Busca por alternativas políticas
Diante do cenário, cresce o movimento por uma terceira via. A pesquisa mostra que 38% dos argentinos se identificam como independentes, contra 25% que apoiam o partido de Milei e 20% que preferem a oposição peronista. "Há um vácuo político sendo preenchido por novos nomes", disse a cientista política María Esperanza Casullo. "O eleitor está cansado dos extremos e busca moderados." Entre os possíveis candidatos, o governador de Córdoba, Juan Schiaretti, aparece com 12% das intenções de voto, seguido pela deputada Elisa Carrió, com 9%.

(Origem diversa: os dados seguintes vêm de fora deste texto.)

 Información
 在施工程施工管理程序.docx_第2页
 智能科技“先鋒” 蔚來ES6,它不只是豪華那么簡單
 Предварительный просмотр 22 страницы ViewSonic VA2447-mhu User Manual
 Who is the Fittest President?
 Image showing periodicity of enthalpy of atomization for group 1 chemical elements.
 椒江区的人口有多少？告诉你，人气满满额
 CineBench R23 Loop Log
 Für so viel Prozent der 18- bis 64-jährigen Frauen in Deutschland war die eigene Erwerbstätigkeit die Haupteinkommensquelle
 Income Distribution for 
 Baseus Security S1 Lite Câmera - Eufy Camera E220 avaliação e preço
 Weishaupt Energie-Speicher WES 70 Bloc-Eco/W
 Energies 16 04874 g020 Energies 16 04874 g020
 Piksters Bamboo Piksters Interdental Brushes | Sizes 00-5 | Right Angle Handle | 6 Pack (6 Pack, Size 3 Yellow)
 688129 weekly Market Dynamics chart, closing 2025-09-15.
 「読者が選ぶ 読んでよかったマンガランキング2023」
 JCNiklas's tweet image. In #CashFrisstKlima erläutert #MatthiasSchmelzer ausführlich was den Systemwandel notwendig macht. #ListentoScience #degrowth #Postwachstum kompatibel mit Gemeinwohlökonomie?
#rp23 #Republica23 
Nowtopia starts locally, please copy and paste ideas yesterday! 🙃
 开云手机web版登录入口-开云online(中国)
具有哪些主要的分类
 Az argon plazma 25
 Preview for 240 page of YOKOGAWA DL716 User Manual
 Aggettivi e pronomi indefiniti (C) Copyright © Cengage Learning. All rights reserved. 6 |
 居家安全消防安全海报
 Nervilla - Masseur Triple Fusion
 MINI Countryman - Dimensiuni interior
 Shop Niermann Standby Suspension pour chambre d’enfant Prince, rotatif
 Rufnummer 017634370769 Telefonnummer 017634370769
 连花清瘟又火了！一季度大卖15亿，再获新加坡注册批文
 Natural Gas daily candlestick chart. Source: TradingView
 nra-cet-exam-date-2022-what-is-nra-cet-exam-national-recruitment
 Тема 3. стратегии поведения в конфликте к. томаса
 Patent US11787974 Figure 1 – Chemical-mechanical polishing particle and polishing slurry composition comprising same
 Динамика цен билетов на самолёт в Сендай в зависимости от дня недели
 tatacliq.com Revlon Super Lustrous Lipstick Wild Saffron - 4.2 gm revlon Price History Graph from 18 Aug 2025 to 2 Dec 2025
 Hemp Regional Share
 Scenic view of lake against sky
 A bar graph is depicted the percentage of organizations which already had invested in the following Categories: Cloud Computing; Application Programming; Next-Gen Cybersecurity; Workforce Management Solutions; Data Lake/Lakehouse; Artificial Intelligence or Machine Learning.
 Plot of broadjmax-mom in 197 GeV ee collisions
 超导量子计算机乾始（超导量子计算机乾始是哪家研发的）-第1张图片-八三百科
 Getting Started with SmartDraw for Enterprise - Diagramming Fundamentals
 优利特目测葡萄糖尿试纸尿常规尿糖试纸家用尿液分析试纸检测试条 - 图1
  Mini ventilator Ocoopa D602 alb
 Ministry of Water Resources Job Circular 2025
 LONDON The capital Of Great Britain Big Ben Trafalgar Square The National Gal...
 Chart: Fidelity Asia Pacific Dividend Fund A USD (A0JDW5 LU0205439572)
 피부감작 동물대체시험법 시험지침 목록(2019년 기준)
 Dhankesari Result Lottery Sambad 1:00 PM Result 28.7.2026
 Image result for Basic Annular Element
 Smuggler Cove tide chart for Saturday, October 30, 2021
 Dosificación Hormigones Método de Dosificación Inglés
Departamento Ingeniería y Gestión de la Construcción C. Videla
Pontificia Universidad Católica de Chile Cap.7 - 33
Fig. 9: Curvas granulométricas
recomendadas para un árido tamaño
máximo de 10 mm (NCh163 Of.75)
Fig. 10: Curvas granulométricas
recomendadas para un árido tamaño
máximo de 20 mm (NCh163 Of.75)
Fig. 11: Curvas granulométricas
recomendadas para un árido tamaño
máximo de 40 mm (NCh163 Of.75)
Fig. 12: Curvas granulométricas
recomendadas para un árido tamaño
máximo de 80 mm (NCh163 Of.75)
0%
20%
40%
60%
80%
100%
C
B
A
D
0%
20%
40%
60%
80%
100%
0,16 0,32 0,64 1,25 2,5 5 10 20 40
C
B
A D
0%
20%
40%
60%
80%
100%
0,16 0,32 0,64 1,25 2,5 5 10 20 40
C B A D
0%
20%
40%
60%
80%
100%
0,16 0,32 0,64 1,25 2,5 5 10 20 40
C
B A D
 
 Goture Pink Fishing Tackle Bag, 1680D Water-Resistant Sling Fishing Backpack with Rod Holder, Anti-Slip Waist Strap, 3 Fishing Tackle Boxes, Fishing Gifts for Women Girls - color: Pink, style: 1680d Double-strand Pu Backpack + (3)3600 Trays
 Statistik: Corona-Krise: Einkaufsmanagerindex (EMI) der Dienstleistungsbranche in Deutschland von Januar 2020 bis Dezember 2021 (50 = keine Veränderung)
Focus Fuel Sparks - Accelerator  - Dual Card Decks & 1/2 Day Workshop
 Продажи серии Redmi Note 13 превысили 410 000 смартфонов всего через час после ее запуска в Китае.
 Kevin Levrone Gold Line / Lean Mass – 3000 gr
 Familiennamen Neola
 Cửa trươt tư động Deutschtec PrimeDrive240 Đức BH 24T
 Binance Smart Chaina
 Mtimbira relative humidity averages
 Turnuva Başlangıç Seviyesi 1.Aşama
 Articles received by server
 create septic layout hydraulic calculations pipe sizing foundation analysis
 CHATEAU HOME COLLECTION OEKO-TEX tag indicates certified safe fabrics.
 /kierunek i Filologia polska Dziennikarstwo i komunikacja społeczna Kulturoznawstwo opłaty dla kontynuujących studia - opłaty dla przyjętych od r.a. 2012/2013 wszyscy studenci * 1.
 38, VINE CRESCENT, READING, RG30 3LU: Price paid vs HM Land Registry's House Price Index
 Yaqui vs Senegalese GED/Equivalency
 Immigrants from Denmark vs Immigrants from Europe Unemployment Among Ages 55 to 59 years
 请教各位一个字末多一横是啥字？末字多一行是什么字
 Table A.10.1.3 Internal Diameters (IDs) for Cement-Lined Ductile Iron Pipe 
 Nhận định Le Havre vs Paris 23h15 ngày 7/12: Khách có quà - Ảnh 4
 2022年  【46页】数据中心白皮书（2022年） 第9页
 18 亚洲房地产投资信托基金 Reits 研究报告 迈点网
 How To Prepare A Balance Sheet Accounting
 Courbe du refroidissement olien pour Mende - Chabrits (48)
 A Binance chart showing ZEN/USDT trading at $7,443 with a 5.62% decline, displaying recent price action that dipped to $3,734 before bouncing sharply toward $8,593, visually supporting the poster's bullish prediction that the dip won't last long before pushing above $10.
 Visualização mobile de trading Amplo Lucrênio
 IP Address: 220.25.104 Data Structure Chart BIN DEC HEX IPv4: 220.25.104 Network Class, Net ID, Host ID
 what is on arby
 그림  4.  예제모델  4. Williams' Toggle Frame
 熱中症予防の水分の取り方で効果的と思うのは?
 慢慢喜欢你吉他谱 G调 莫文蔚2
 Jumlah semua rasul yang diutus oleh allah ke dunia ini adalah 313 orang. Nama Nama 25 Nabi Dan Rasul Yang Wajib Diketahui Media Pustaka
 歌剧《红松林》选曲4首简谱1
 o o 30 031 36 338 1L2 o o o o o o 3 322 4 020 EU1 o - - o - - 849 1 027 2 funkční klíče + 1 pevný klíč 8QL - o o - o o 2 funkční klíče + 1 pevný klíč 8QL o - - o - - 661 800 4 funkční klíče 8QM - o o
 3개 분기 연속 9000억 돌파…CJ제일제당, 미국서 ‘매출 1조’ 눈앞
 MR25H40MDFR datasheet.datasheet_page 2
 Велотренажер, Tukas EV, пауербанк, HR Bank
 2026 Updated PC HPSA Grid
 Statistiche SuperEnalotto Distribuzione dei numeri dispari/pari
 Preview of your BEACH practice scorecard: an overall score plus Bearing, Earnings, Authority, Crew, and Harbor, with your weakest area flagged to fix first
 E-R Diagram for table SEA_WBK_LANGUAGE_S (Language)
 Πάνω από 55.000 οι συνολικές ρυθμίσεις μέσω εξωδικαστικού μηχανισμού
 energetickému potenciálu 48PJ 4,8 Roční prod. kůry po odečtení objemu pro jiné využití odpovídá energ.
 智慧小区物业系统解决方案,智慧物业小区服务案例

Impacto nas eleições de 2027
Especialistas preveem que a tendência de rejeição a Milei pode se intensificar até as eleições presidenciais de 2027. "Se a economia não melhorar, a terceira via pode se tornar a principal força política", avaliou o estrategista político Sergio Berensztein. A pesquisa também indica que 52% dos argentinos acreditam que o país está no caminho errado, enquanto apenas 30% veem progresso. A oposição, no entanto, ainda está fragmentada: o peronismo não conseguiu unificar um discurso alternativo, e partidos de centro enfrentam desafios de financiamento.
Reações do governo
Em resposta à pesquisa, o porta-voz da Presidência, Manuel Adorni, minimizou os números. "Estamos no início de um processo de transformação. As reformas levam tempo para gerar resultados", declarou. Milei, em seu perfil no X (antigo Twitter), afirmou que "a impopularidade é temporária e necessária para salvar o país". No entanto, a insatisfação popular já se reflete em protestos: no último mês, manifestações contra o governo reuniram mais de 200 mil pessoas em Buenos Aires.